Richard Muller, converted climate change sceptic, still a maverick
Richard Muller, whose controversial views have brought him fame, speaks in the city tomorrow

Tomorrow, the University of Hong Kong will host a lecture by one of the most colourful characters in climate science, Richard Muller. The US physicist is perhaps most famous for his "conversion", announced in July, from being a sceptic to a proponent of the reality of climate change.
The Berkeley (University of California) professor heads the Berkeley Earth Surface Temperature (Best) project, which has found that the long gradual temperature change over 250 years is an excellent match to our record of greenhouse gases, and concluded that virtually all of the warming of that period was caused by humans.
Though he obtained his PhD in elementary particle physics, Muller's research interests span astrophysics, including the cosmic microwave background and supernovae, along with aspects of geophysics. He has espoused a theory that our sun is partnered by an undiscovered small star he calls Nemesis, "the death star". Muller has written a historical novel, The Sins of Jesus ("he slowly slips deeper and deeper into sin") and a short essay titled "Why Dumbledore is Gay" - on the headmaster of fictional wizarding school Hogwarts. Muller even opened a restaurant; you won't be surprised that the cuisine was "eclectic".
Muller has a particular appeal as a climate scientist, as he formerly expressed doubts about methods and results, and is now a self-confessed "converted sceptic". In 2004, he wrote of a discovery that hit him like a bombshell: two sceptics had produced an analysis purportedly showing the "hockey stick" - a graph with temperatures long steady then suddenly rising in recent years - was an artefact of poor mathematics. "How could it happen?" asked Muller.
In 2010, Muller and his daughter Elizabeth established the Berkeley Earth project in order to take an independent look at temperature data. Sponsors included the Charles Koch Foundation, established by one of the two billionaire Koch brothers known for sponsoring denial of climate science and supporting Republican politicians. Anthony Watts, an ex-television-weatherman and energetic blogger on global warming denial, predicted "the BEST result will be closer to the ground truth that anything we've seen".

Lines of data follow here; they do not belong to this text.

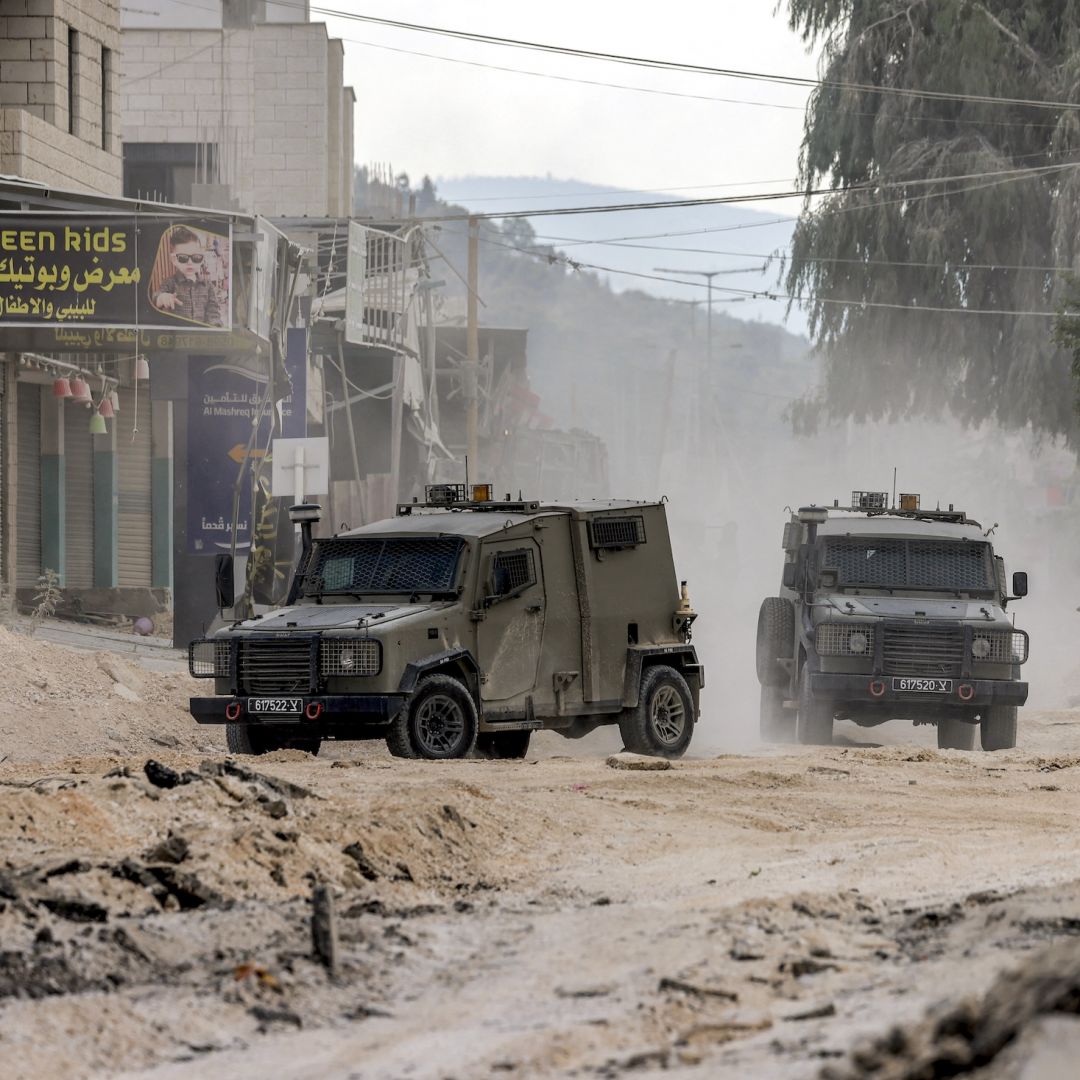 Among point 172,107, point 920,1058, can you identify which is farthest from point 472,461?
point 920,1058

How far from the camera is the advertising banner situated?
70.8 ft

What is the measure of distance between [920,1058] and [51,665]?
556 inches

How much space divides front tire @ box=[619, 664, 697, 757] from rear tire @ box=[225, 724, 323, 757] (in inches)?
104

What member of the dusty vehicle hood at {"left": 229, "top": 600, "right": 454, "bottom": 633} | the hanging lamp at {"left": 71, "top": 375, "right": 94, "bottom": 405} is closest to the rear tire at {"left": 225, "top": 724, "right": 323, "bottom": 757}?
the dusty vehicle hood at {"left": 229, "top": 600, "right": 454, "bottom": 633}

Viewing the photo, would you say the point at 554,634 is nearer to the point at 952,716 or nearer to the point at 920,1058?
the point at 952,716

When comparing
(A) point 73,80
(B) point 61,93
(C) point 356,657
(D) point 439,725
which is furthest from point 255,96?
(C) point 356,657

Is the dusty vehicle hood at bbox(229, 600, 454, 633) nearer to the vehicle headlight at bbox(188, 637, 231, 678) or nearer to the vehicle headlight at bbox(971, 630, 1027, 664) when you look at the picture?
the vehicle headlight at bbox(188, 637, 231, 678)

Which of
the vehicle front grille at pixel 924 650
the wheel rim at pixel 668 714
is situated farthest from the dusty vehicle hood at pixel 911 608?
the wheel rim at pixel 668 714

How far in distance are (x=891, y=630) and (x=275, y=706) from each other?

Last year, Muller testified before the United States Congress on the project's initial findings. "We confirm that over the last 50 years, temperature has risen 0.9 degrees Celsius, or 1.6 degrees Fahrenheit," he announced. "This is the same number that the IPCC [UN Intergovernmental Panel on Climate Change] says."
Though the results are yet to be published in a scientific journal, they have attracted considerable media interest, and this summer Muller wrote in The New York Times that he was going a step further and concluding humans are almost entirely the cause of the warming.